Like other photographers from Africa (Lakin Ongunbanwo, Vivian Sassen, Athi Patra Ruga) Mareli Lal enjoys the freedom of photography as a medium vested in but independent of fashion. Fashion photography has become an art historical trove of image-making techniques. The work of the French photographer, Guy Bourdin from the 1960s first fused fashion photography with narrative, provocation and style, de-constructing the representation of glamour and establishing the idea of product as secondary to the role of the image. This was a mantel taken up by other artists like Ouka Leele who grew to prominence in the 1980s in Spain. Today, Lal’s photographic art sits comfortably in a contemporary zeitgeist of women photographers from around the world who use the colour, narrative and forms of fashion photography to tell personal stories: Isabelle Wenzel (Germany), Brooke Didenato (New York), Jess Bonham (London), Christa VD Niet (Netherlands) and Flora Borsi (Hungary).
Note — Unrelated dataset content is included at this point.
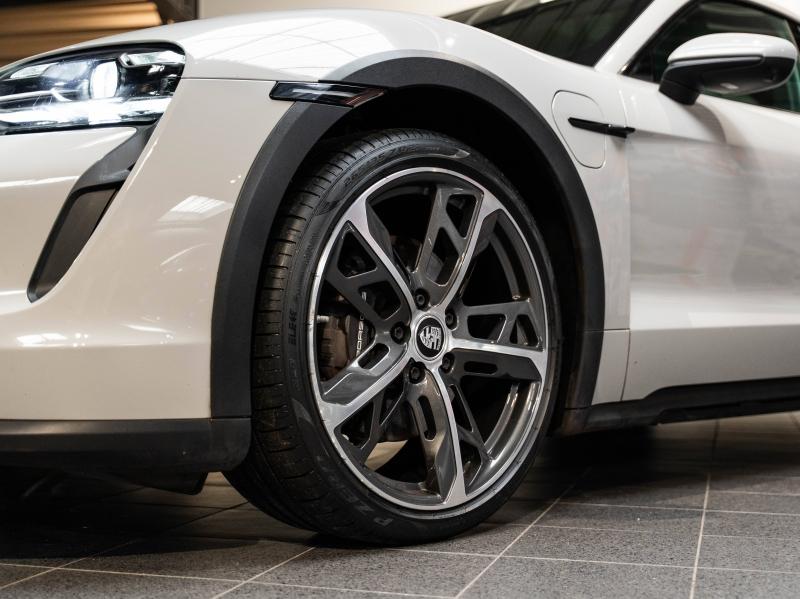 Voitures occasions PORSCHE Taycan Cross Turismo 4 Champagne-au-Mont-d'Or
In contrast to the more visceral critique of consumerism by earlier women artists like Cindy Sherman or Barbara Kruger, this new wave of female image-makers are women who have emerged from a world already saturated with stock-image identities and product prescribed ideals of beauty. Their critique is not one from before the explosion of media but from a psyche built within an image-saturated world. Their response to contemporary consumerism is to seek a place of play within the gilded cage.
And gilded that cage may be with the multitude of global influences currently at play. As curator Filippo Maggia notes in a forward to the exhibition Asian Dub Photography held in Modena in 2009, there is no reason for the West and the East to be considered separately anymore. Globalisation is a flowing system of references, contaminations, reciprocal attractions, conflicts, dominations, contrasts and references. ‘There are many Wests and many different Easts,’ he observes. And all is exchanged in ‘redundant, relentless, incessant ways’ like a harmonious clamour shaped by an ‘inexplicable equilibrium.’ I cite Ikebana as a reference for Lal’s arranged forms in full recognition of this infiltration of a Japanese practice within a globalised visual economy. Despite being a largely sealed off society, Japan remains a prominent exporter of sophisticated technologies and young fashion. The Ikebana reference seems appropriate in that Lal’s photographs are primarily about space and objects. The female form emerges as one of the elements at play in the staged manipulation of abstracted forms. There is a seductive simplicity in Lal’s abstracted compositions that merge the surrealist and realist body fragment with architecture, colour and texture.
The emotional intimacy of the female body is a form that Lal carefully employs in a visioning of the ‘unseen structures’ of her world. In the overt structuring of her photographic staging, Lal hints at a conflicting narrative bound up with pervading perceptions within media and aesthetics. The era of the female gaze has done much to liberate young female photographers by creating viewers receptive to the challenges such a gaze invokes, but the logic of this gaze remains contained within a systemic globalisation. Mareli Lal treads in the territory of many international photographers but recognises this site of play as an ambiguous geography held by an ‘inexplicable equilibrium’ and seductive harmony amidst the clamour of globalised culture.